# [WORK REQUEST]
An image-free, word-for-word version of the records below is to be returned.

[Opening INPUT RECORDS section]

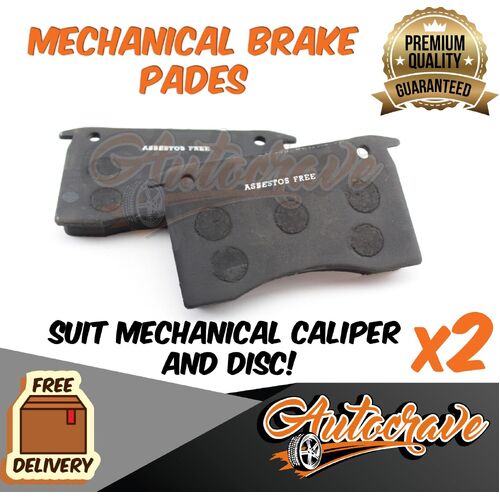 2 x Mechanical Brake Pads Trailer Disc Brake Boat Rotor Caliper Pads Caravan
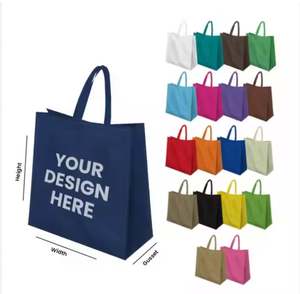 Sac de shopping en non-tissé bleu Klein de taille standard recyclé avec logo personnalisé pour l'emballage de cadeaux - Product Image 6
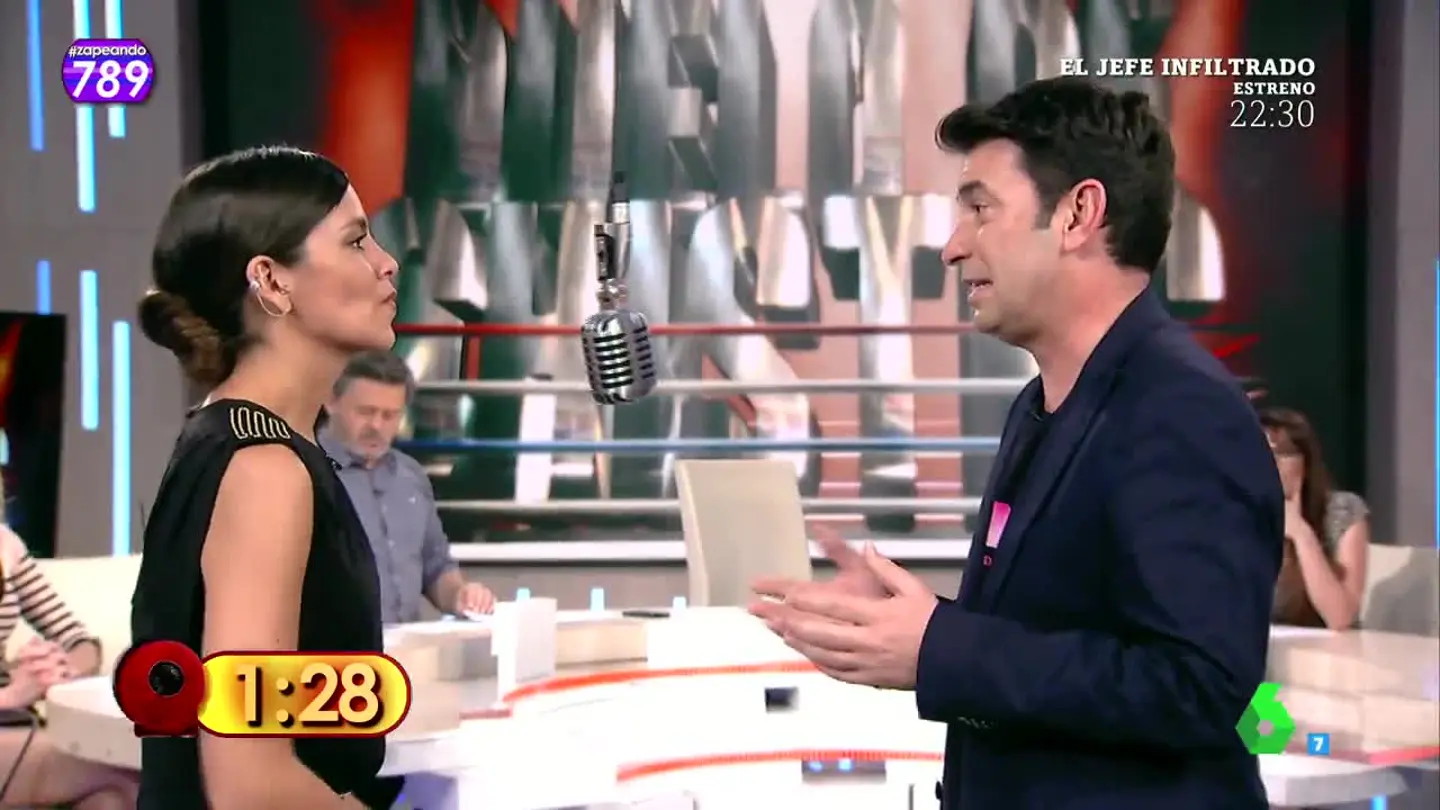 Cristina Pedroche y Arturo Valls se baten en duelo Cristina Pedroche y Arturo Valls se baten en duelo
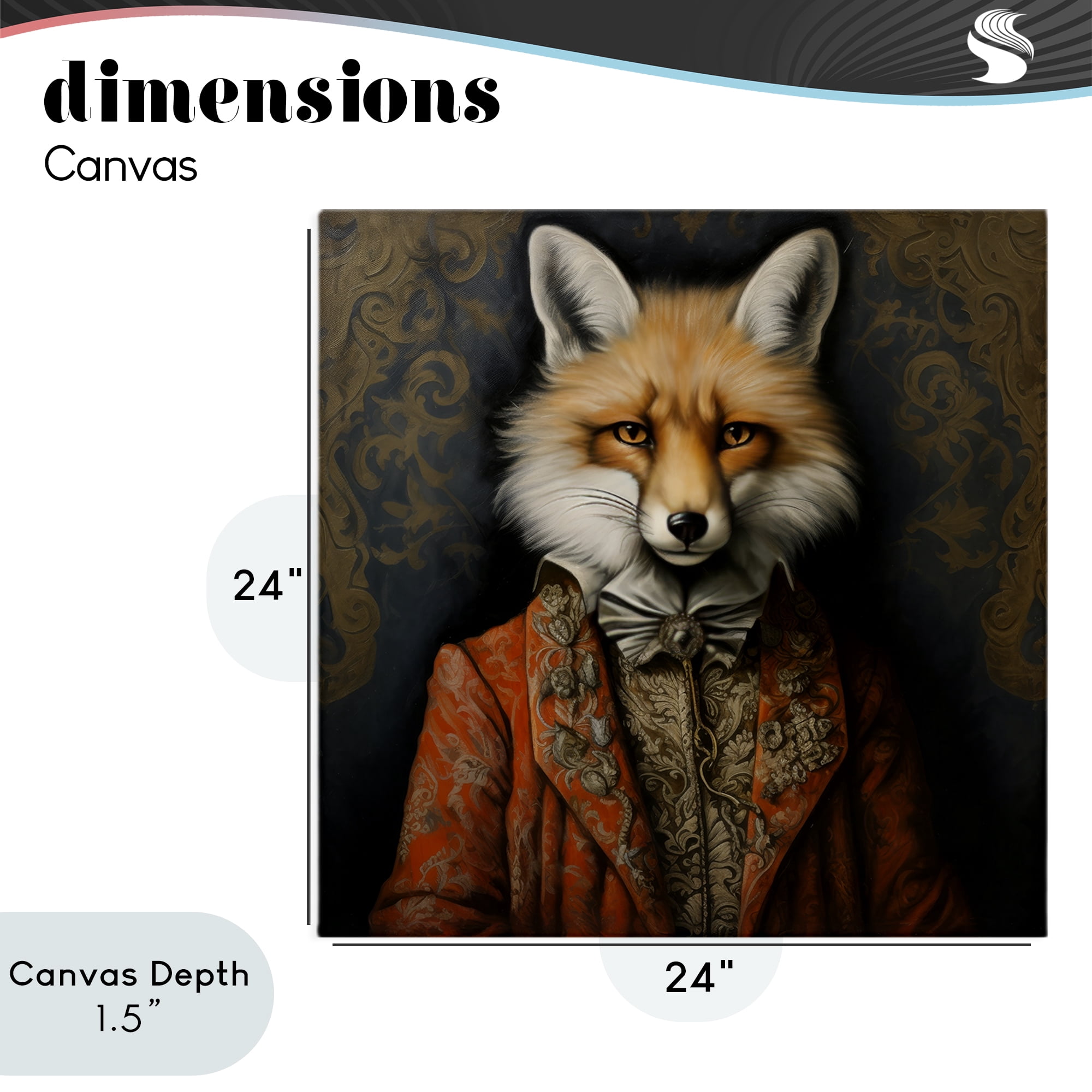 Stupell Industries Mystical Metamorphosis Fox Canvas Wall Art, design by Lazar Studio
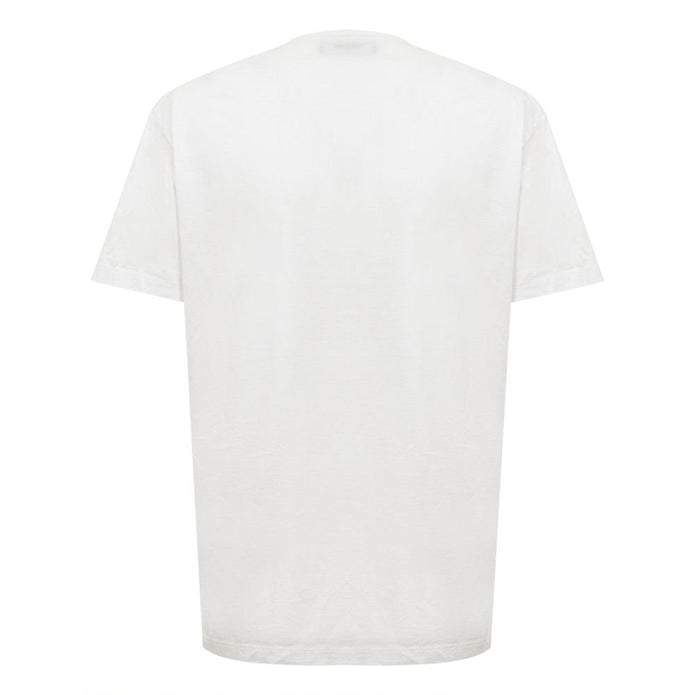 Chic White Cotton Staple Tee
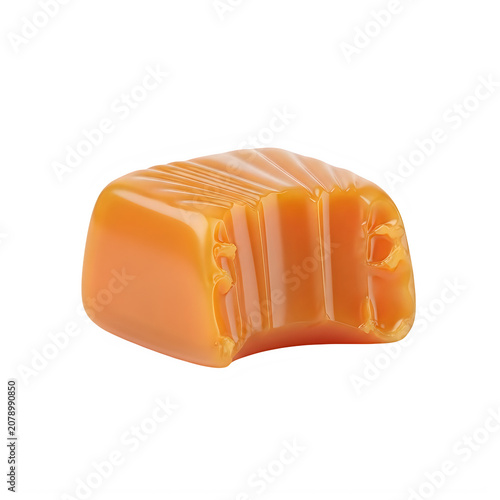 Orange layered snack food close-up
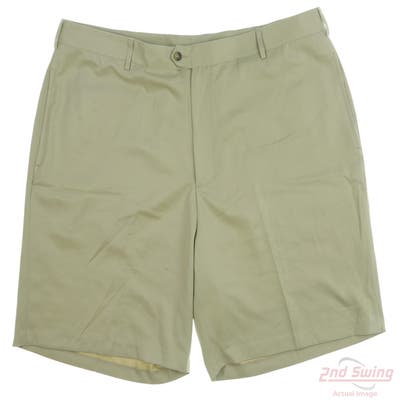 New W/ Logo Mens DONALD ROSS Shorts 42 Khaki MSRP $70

[Closing INPUT RECORDS section]

# [TASK ANSWER]
 2 x Mechanical Brake Pads Trailer Disc Brake Boat Rotor Caliper Pads Caravan
 Sac de shopping en non-tissé bleu Klein de taille standard recyclé avec logo personnalisé pour l'emballage de cadeaux - Product Image 6
 Cristina Pedroche y Arturo Valls se baten en duelo Cristina Pedroche y Arturo Valls se baten en duelo
 Stupell Industries Mystical Metamorphosis Fox Canvas Wall Art, design by Lazar Studio
 Chic White Cotton Staple Tee
 Orange layered snack food close-up
 New W/ Logo Mens DONALD ROSS Shorts 42 Khaki MSRP $70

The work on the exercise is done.